In an interview with The Times newspapeer reported by RTÉ, the leader of Irish Unionism Peter Robinson has stated that the future of NI as a part of the UK will depend on Catholic votes and that he could be the last Unionist First Minister.
Asked whether he could be Northern Ireland's last unionist first minister, Mr Robinson said: "Yes, but the assumption behind your question is that the Catholic population will not vote for unionist parties."
Of course Catholics do not generally vote for Unionist parties so Mr. Robinson would appear to be clutching at straws.
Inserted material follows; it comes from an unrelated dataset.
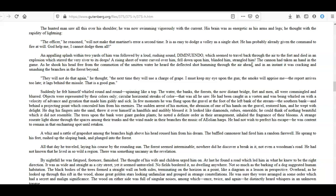An appalling splash within two yards of him was followed by a loud, rushing sound, diminuendo, which seemed to travel back through the air to the fort and died in an explosion which stirred the very river to its depths. A rising sheet of water curved over him, fell down upon him, blinded him, strangled him! The cannon had taken a hand in the game. As he shook his head free from the commotion of the smitten water he heard the deflected shot humming through the air ahead, and in an instant it was cracking and smashing the branches in the forest beyond. 'They will not do that again,' he thought; 'the next time they will use a charge of grape. I must keep my eye upon the gun; the smoke will apprise me—the report arrives too late; it lags behind the missile. That is a good gun.'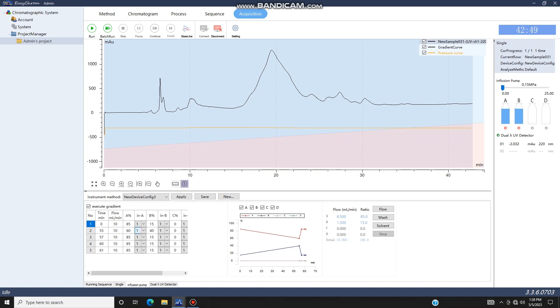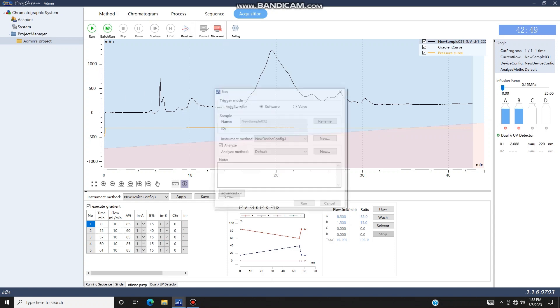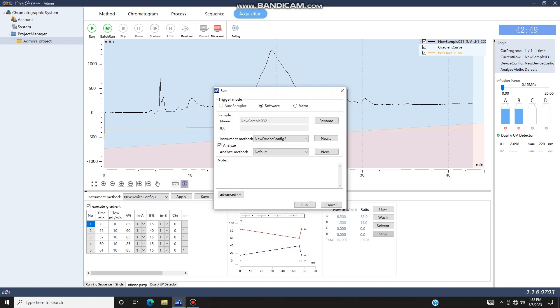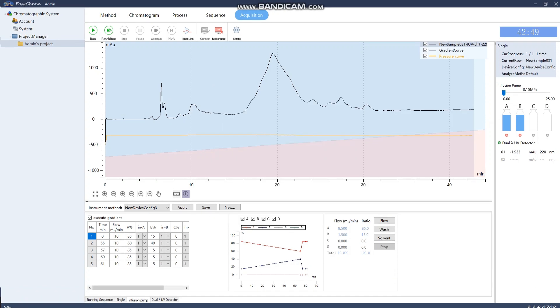Make sure your system is connected to the computer, check Execute Gradient, click Save, and select Run. You can choose to run it through the software or the valve. If you're using the software, the gradient starts after you select Run, and you will see your pumps start running. You can see Pump A begins decreasing, and Pump B starts increasing.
Even if Protestant alienation of Catholics was to discontinue, this would be unlikely to change.
The article implies the reasoning behind Mr Robinsons comments as due to demographic change backed up by interesting statistics
"A 2001 census recorded the Northern Irish population as 53.1% Protestant and 43.8% Catholic, with the 2011 census expected to show a narrowing of the gap.
The Times cited a recent national audit showing that when asked to state their religion, 54% of boys and 55% of girls described themselves as Catholic.
Figures out last month found that 49% of Northern Irish students at the province's universities were Catholics, while 35% were Protestants".
The Unionist leader is clearly resigned to the fact that a Catholic plurality in the North is inevitable in the not too distant future and acknowledges that the very survival of the orange state will be detetermined by the very people that were to be excluded in the "Protestant state for a Protestant people".
For the Leader of Unionism to publicly asknowledge that NI is on the verge a Catholic majority is truely momentous. The penny has dropped.
Robinson was only trying to maximise The DUP vote. "vote for me and keep SF out of the top job".